**Task statement:** Retype the line in which "LOGITECH Mk470 Wireless" appears, then every line after it until the records end. Leave out the pictures.
------------------------------
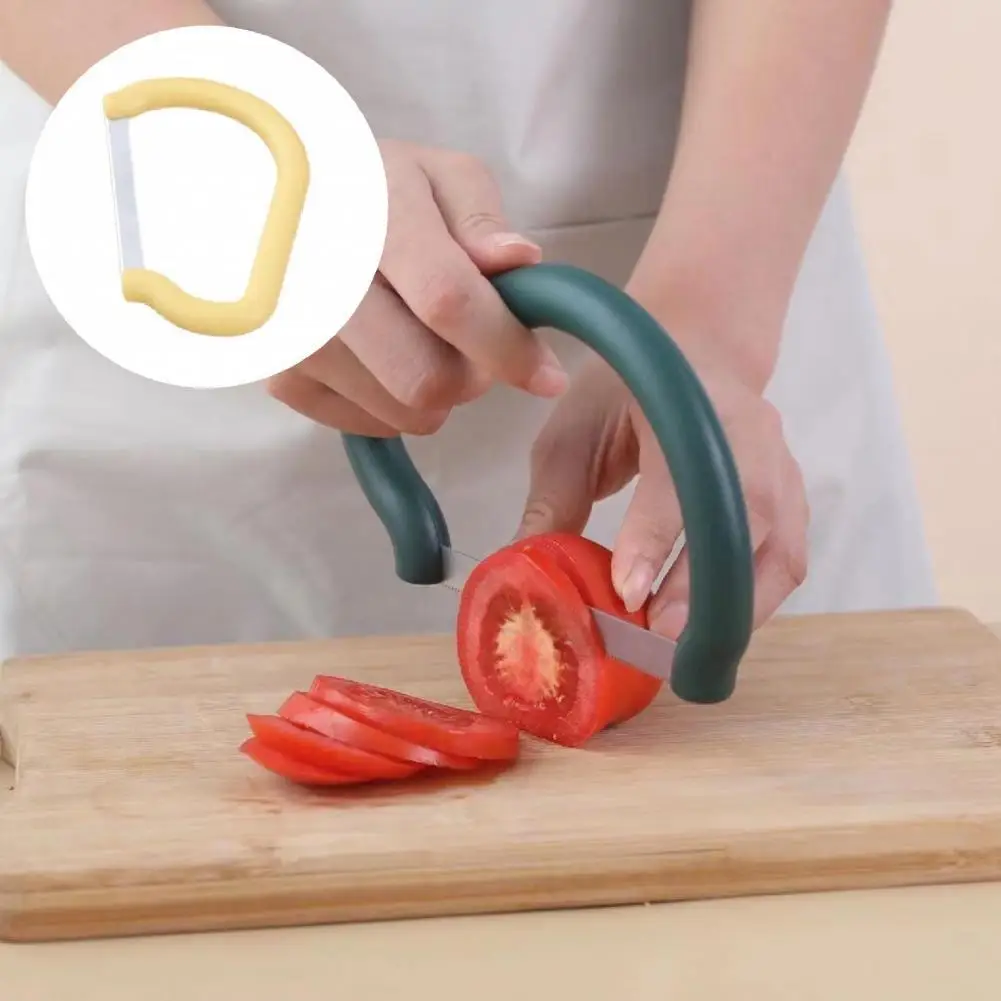Attractive Vegetable Cutter Effective Portable Fruit Chopper Ergonomic Anti-slid Handle Knife | Дом и сад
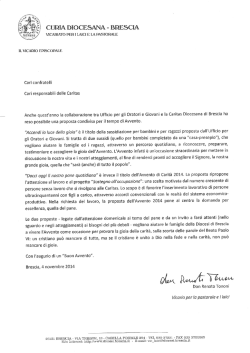lettera - Caritas Brescia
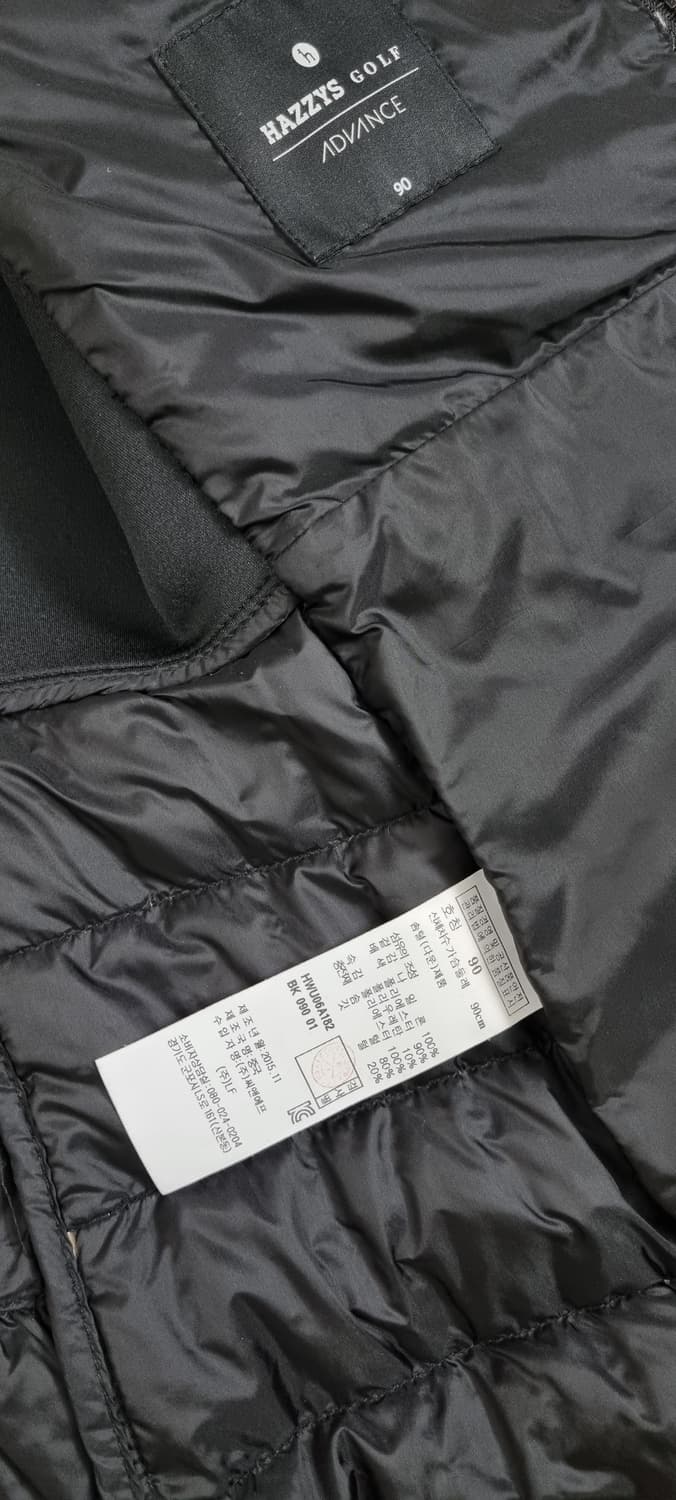 헤지스 골프 덕다운 패딩 베스트 S _ 여성 상품이미지8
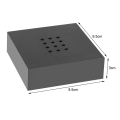 Miniatyrbillede 6 af 8: 12LED Hvidt Lys Display Stand Base Holder til Krystal / Glaskunst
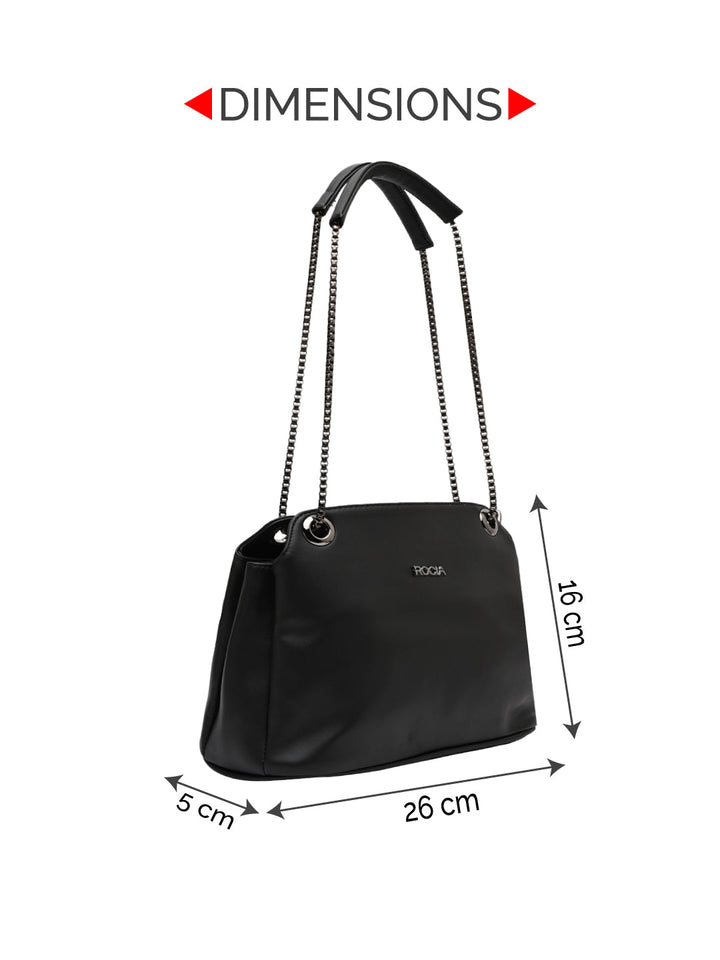 Rocia By Regal Black Women Casual Shoulder Bag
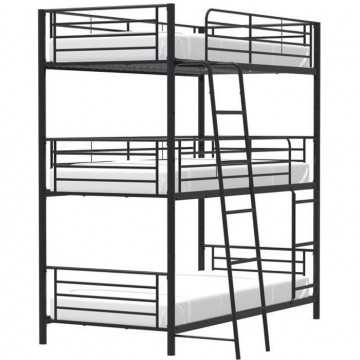 Lits superposés en métal -...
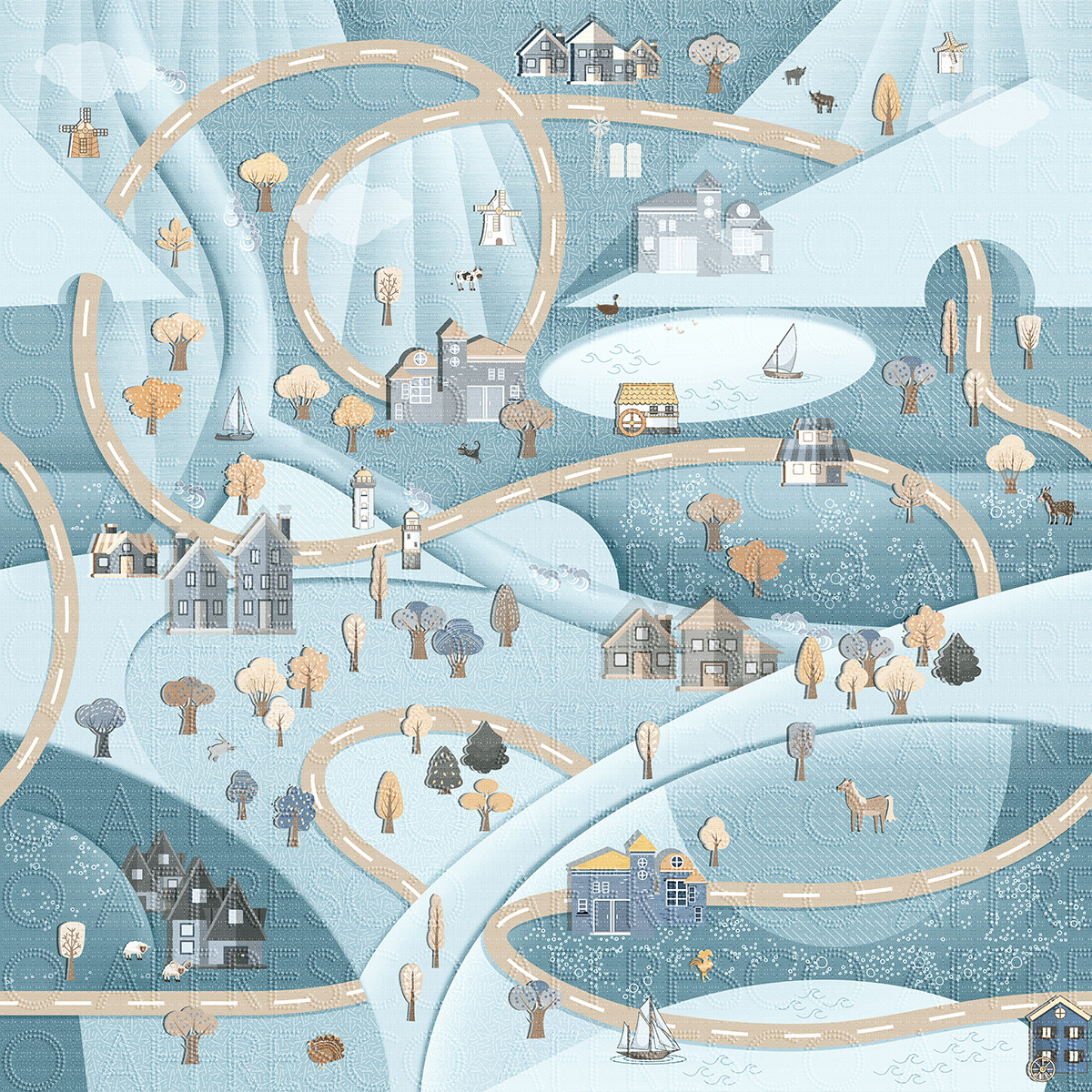 ID636-COL3 | SKAZKI AFFRESCO | Affresco Factory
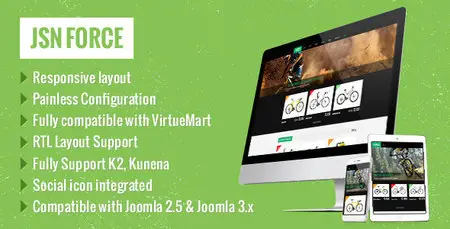 ThemeForest - JSN Force v1.0.2 - Responsive Joomla E-Commerce Template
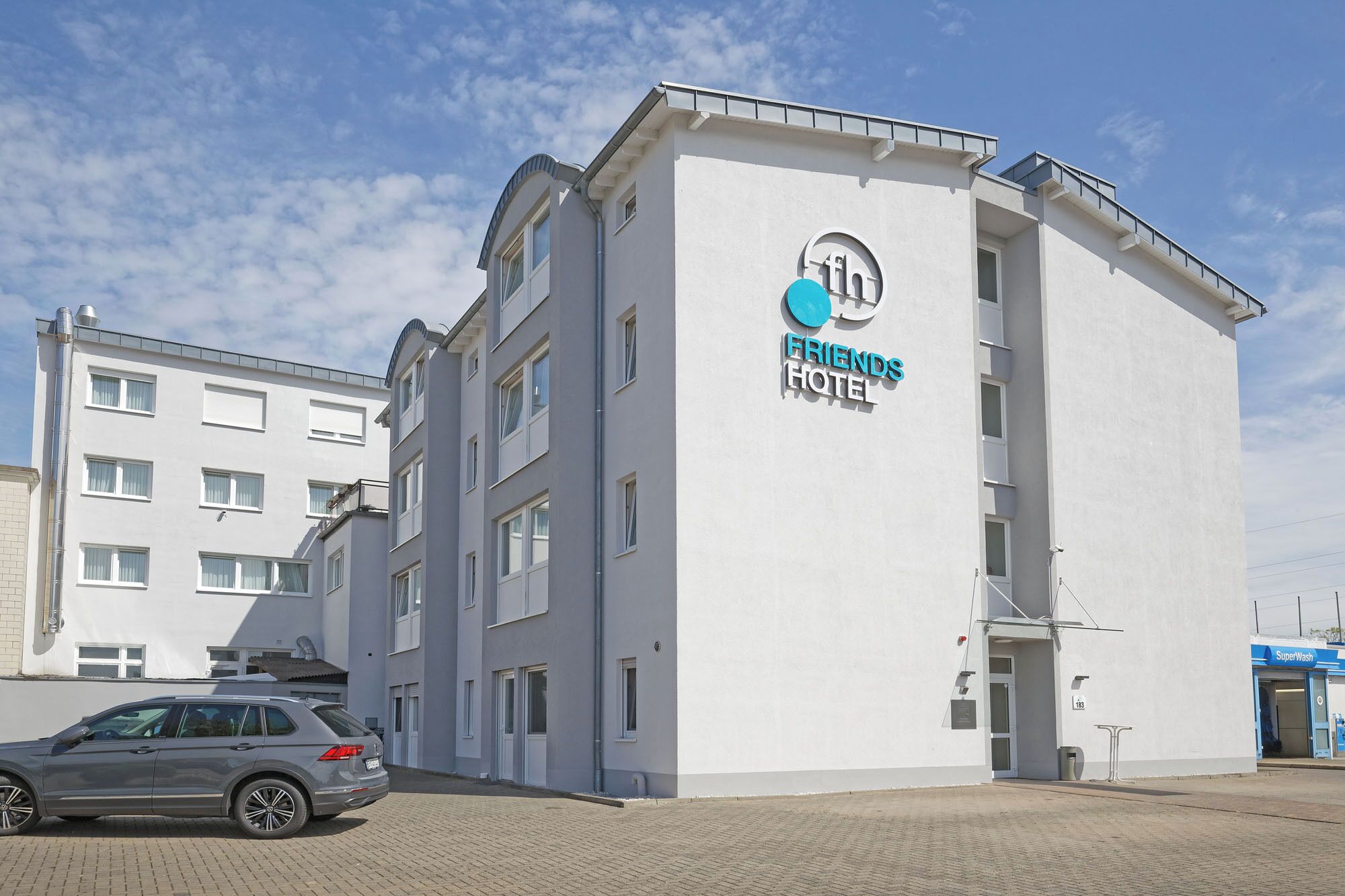 Fassade der Unterkunft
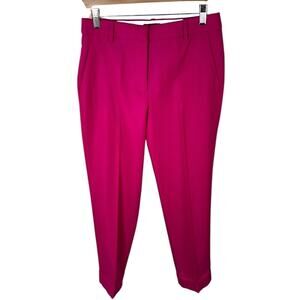J.Crew Wool Dress Pants Women’s 4 Fuchsia Pink Capri Trouser Work Professional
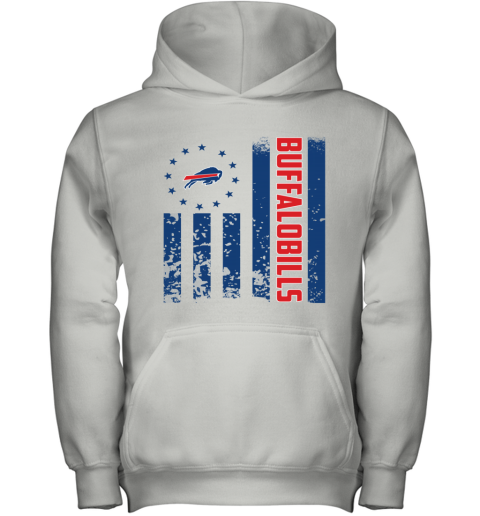 NFL Buffalo Bills American Flag Youth Sweatshirt - Rookbrand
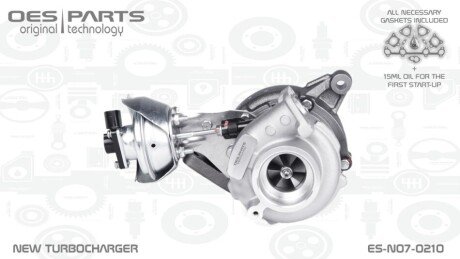 TURBOSPRĘŻARKA CITROEN PEUGEOT OES PARTS ESN070210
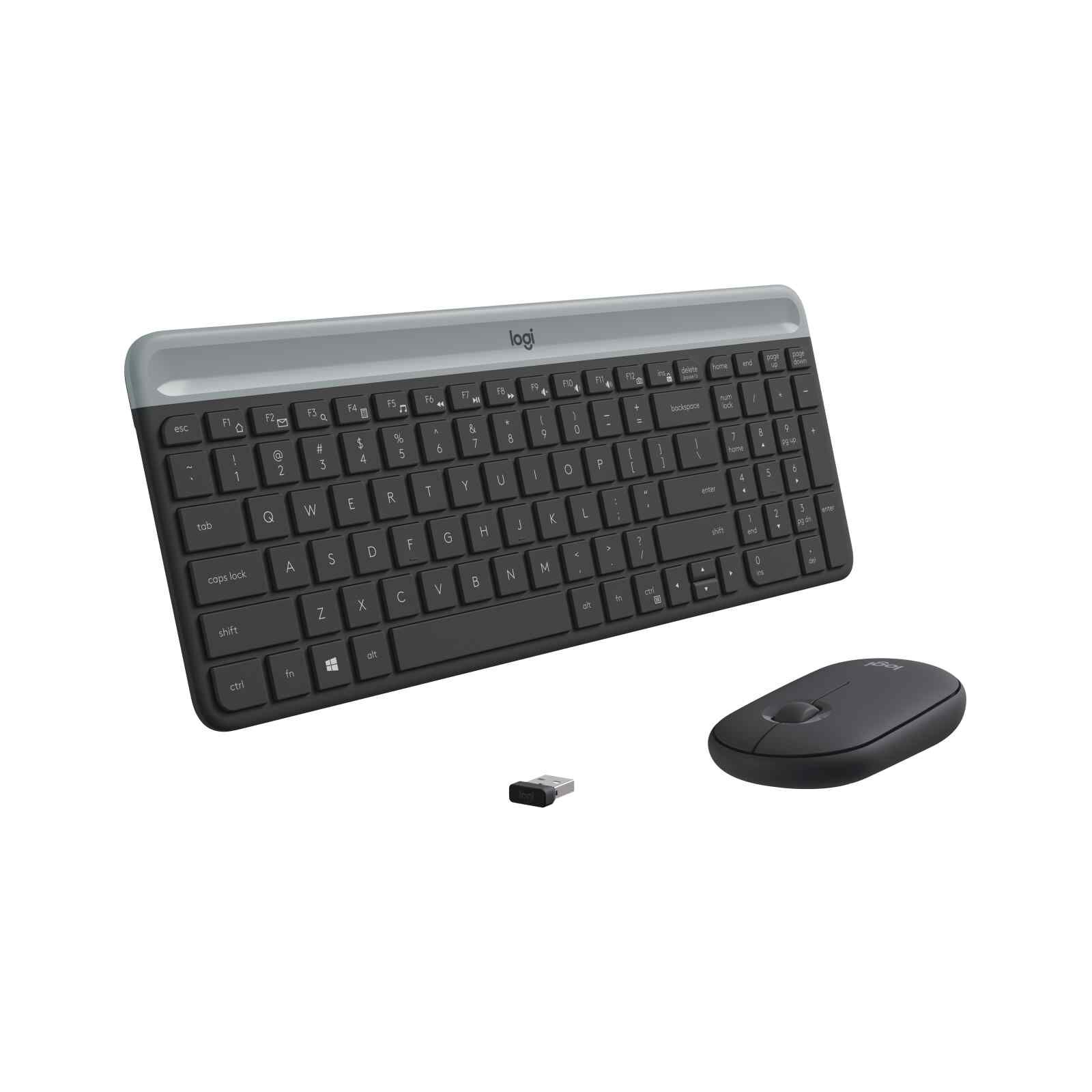 LOGITECH Mk470 Wireless Slim Combo (graphite) 920-009182-image 5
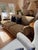 Custom Classic Roll Arm 3 Seat Sofa Upholstered in Velvet by Restoration Hardware, Attributed to George Smith For Sale - Image 18 of 18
------------------------------
**Answer box:**
 LOGITECH Mk470 Wireless Slim Combo (graphite) 920-009182-image 5
 Custom Classic Roll Arm 3 Seat Sofa Upholstered in Velvet by Restoration Hardware, Attributed to George Smith For Sale - Image 18 of 18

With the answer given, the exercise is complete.